Start with your goals


Sit down and think about the two types of goals you have: immediate and future. Immediate goals may be getting a promotion at work, buying a home, or purchasing your first car. Future goals could include building up a retirement fund, planning for your child’s continued education, or going back to school yourself. Separate these goals by the dates you’d like to achieve them and start an action plan for each. In this case, “future goals” simply means the things you want to start planning for now that won’t take place for a few years.

Start saving


It’s never too late to start saving for the future. You might have multiple financial goals, such as saving money for a down payment on a home while putting some aside for unforeseen circumstances. Wonderful! Right now is the best time to start, even if the amount you can put aside is small. It might be helpful to let friends and family know what your goals are so they can adjust their gift-giving accordingly when birthdays and holidays roll around.

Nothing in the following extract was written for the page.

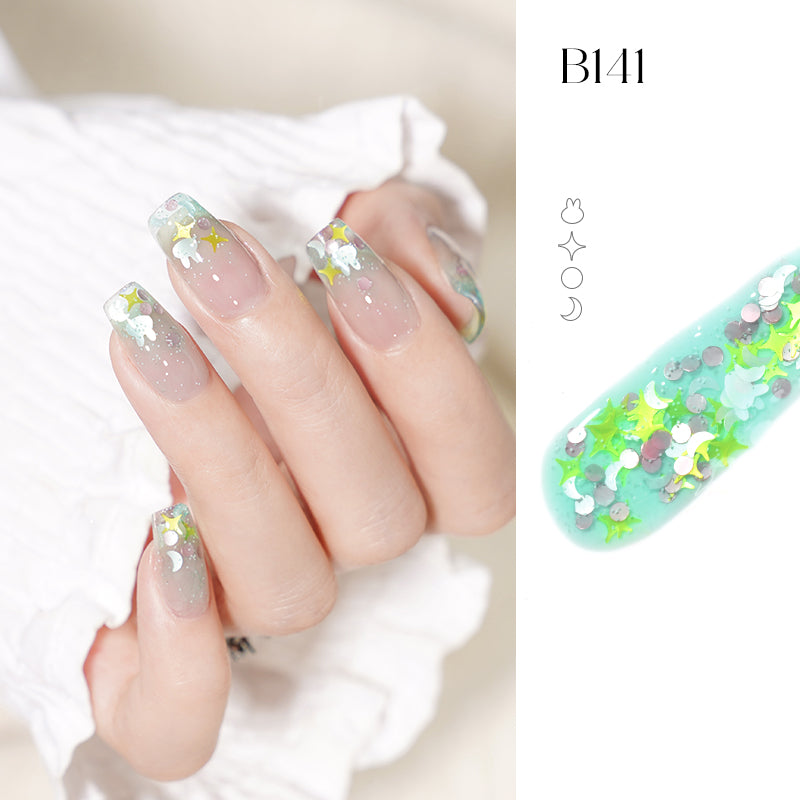 KellyKessa 15ml Cute Rabbit Sequins Glitter Gel Polish T3508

If you’re saving for your child’s college education, consider a 529 college savings account. These plans are for school only, but give you tax incentives as you save.


Buying a home


Thinking about buying a home? There are lots of things to think about and decisions to be made, including what area you want to live in, which school district the home is in, and how the home will work for you as you get older. Many people reach retirement age and realize that their home isn’t accommodating to their needs anymore, forcing them to downsize and start the moving process all over again.


Get out of that rut


Feel like you’re in a professional rut? Don’t be afraid to take charge of your destiny and ask for that raise or promotion. Talk to your boss about taking on different tasks or more responsibility; work longer hours to show your commitment to the company. Learn a new language or skill that can be added to your resume, and remember, you are valuable.


Say no to credit


It might be tempting to open a new line of credit when you have to make a big purchase, or to rely on credit cards when you’re low on cash, but if you can steer clear of using them you can save money and build up your credit score. Save up to buy bigger things--furniture or appliances--and pay cash whenever you can. It’s agood idea to have a credit card for emergencies if you can pay off each purchase as soon as you make it.